As pessoas não têm o hábito de se reunir e combinar:
– Ei, vamos fazer um país?
Não. Em geral, os países se formam aos poucos, quase sempre por conveniências geográficas, sobretudo conveniências aquáticas. Se tem uma coisa de que nós, seres humanos, precisamos é de água. Dois terços do nosso amado corpo são formados por água, lembre-se. Então, quando vão se estabelecer, as pessoas procuram ficar perto dos rios. E assim as nações vão se constituindo.
Olhe o célebre caso do Egito. Heródoto disse que o Egito é uma dádiva do Nilo. De fato, o Egito só existe por causa das enchentes anuais do Nilo. O grande rio vinha do Sul para o Norte e inundava as duas margens, 15 quilômetros para um lado, 15 para o outro. Os egípcios, durante esse período, corriam para montes próximos e esperavam. Depois que o Nilo se retirava, deixava uma terra rica e fértil, onde os homens plantavam alegremente.

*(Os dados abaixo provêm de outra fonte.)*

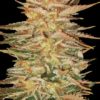 Ice Cream fem Paradise Seeds 10 ks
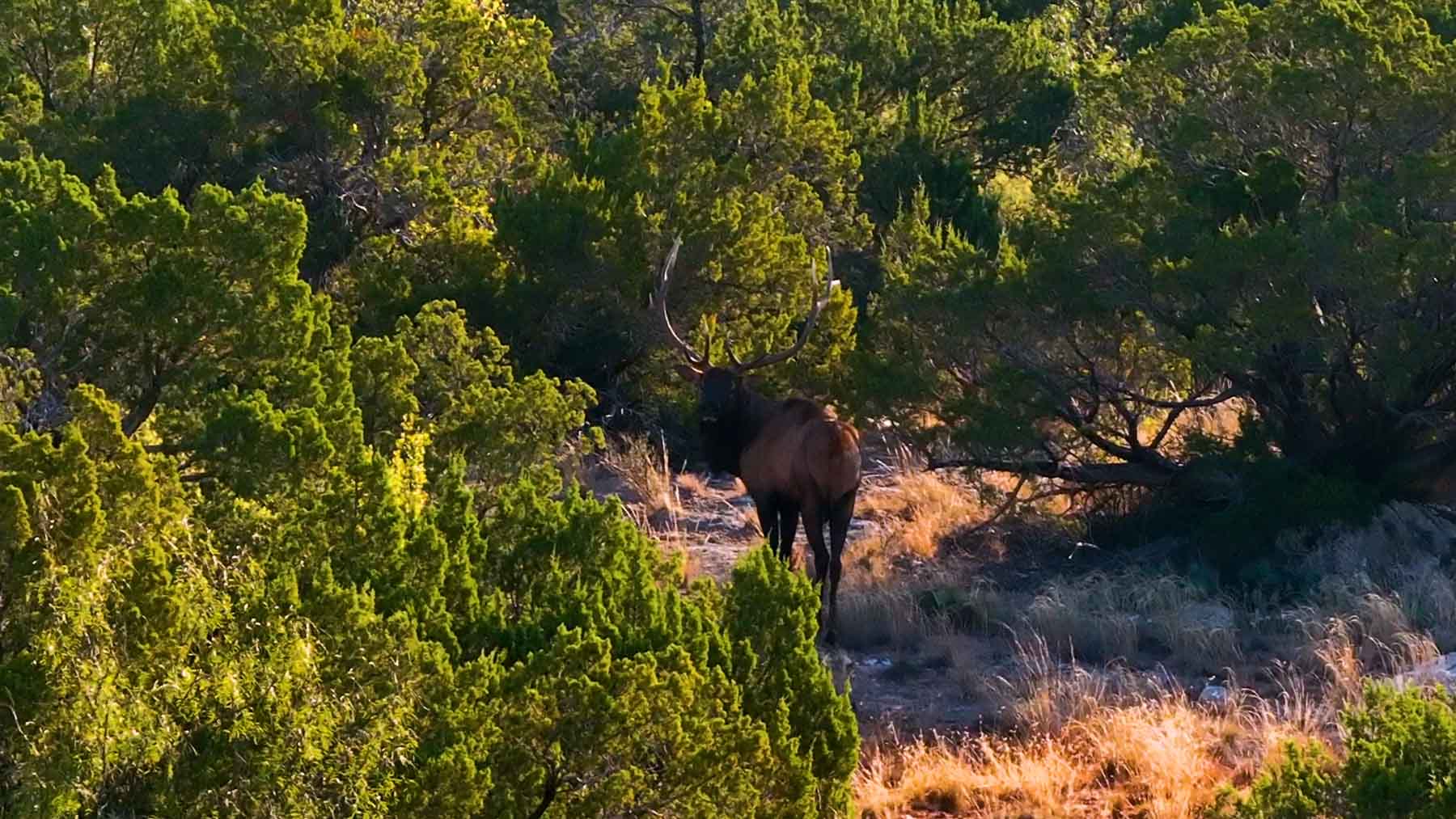 Valhalla Ranch property picture 14 of 80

O Egito, assim, tornou-se um país estreito e comprido, todo ele erguido ao longo do Nilo. As outras civilizações não foram muito diferentes, tanto que se dizia que o Paraíso ficava entre quatro rios: o próprio Nilo, os irmãos Tigre e Eufrates e o Ganges. Foi nessa região que moraram Adão e Eva, que rastejou a serpente do Mal e que brotou a Árvore do Conhecimento.
Um país que fugiu a essa regra foram os Estados Unidos. Aqui, onde ora moro, eles praticamente fizeram o que escrevi aí em cima. Reuniram-se para fundar uma nação. É que os Estados Unidos são, mesmo, Estados que se uniram. Aquelas primeiras colônias inglesas, depois da independência, designaram líderes que debateram e escreveram uma Constituição, que vale até hoje. A partir daí é que o país foi sendo montado. O Texas, por exemplo, levou 10 anos para entrar na federação. É por isso que digo que a nação americana foi fundada antes do país.
E é aí que chego ao Brasil.
Desde a independência, o Brasil pouco se modificou territorialmente. Saiu a Província Cisplatina, entrou o Acre, nada muito traumático. Sobre esses 8,5 milhões de quilômetros quadrados de terra em que, se plantando, tudo dá, vive uma população que fala a mesma língua e que não enfrenta muitas vicissitudes naturais, como terremotos, furacões e eliminações da Copa do Mundo. Guerras de fronteira? Houve lá aquela quizília com o Paraguai, mas, depois disso, tudo foi mais ou menos tranquilo.
Era para ser fácil fazer um país, mas a questão é que nós, brasileiros, não conseguimos nos acertar quanto às regras que vão gerir nossa convivência. Vejo aquela campanha da Globo, Que Brasil Você Quer. As pessoas dizem que querem um país mais justo etc. Mas “como” fazer isso? Não há consenso, nunca houve.
Por essa razão, criamos regras de acordo com as circunstâncias. A Constituição de 1988, por exemplo, foi escrita no calor da redemocratização. “Temos ódio e nojo à ditadura”, bradou Ulysses Guimarães ao aprová-la e, dizendo isso, disse tudo. Foi uma Constituição feita com paixão, não com razão. Só podia dar errado. Saiu um monstrengo político, administrativo e social. Um monstrengo bem-intencionado, verdade, mas, ainda assim, um monstrengo.
Nossas tragédias de 2018 começaram a ser urdidas em 1988. Não sabíamos exatamente que país nós queríamos; sabíamos que país nós não queríamos. E, em cima desse sentimento de negação, em vez de ser de afirmação, construímos uma proposta de nação leniente, centralizadora e irreal.
A Constituição de 1988 moldou um país torto. Está na hora de mudar.